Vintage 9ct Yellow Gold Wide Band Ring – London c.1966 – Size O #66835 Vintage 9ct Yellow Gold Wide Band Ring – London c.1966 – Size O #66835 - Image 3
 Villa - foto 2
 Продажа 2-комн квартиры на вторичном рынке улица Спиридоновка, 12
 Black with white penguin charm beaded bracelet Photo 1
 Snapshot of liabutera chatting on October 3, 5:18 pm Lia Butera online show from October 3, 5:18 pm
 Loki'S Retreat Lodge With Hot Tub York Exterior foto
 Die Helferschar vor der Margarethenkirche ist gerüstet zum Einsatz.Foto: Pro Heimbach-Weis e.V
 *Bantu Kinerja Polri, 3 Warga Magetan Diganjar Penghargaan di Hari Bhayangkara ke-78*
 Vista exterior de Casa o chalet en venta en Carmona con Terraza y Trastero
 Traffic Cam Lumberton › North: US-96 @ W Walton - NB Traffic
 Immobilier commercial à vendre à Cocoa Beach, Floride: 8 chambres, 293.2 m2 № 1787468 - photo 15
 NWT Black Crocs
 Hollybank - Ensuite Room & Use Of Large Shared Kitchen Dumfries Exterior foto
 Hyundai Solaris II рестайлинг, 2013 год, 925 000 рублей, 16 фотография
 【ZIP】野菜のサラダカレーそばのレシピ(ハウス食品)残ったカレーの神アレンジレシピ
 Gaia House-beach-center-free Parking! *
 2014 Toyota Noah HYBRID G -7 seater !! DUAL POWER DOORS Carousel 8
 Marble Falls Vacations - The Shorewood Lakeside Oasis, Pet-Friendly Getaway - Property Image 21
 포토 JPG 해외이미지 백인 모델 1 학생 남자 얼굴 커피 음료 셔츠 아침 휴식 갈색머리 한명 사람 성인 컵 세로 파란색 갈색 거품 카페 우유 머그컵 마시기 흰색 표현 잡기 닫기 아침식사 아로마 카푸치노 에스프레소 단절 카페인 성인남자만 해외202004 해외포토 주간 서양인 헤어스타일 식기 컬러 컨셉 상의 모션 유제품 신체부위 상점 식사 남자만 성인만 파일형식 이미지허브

**Task to carry out**
Output only the lines from the one containing "2014 Toyota Noah" through the end of the material, please, exactly as they appear.

**Response area**
 2014 Toyota Noah HYBRID G -7 seater !! DUAL POWER DOORS Carousel 8
 Marble Falls Vacations - The Shorewood Lakeside Oasis, Pet-Friendly Getaway - Property Image 21
 포토 JPG 해외이미지 백인 모델 1 학생 남자 얼굴 커피 음료 셔츠 아침 휴식 갈색머리 한명 사람 성인 컵 세로 파란색 갈색 거품 카페 우유 머그컵 마시기 흰색 표현 잡기 닫기 아침식사 아로마 카푸치노 에스프레소 단절 카페인 성인남자만 해외202004 해외포토 주간 서양인 헤어스타일 식기 컬러 컨셉 상의 모션 유제품 신체부위 상점 식사 남자만 성인만 파일형식 이미지허브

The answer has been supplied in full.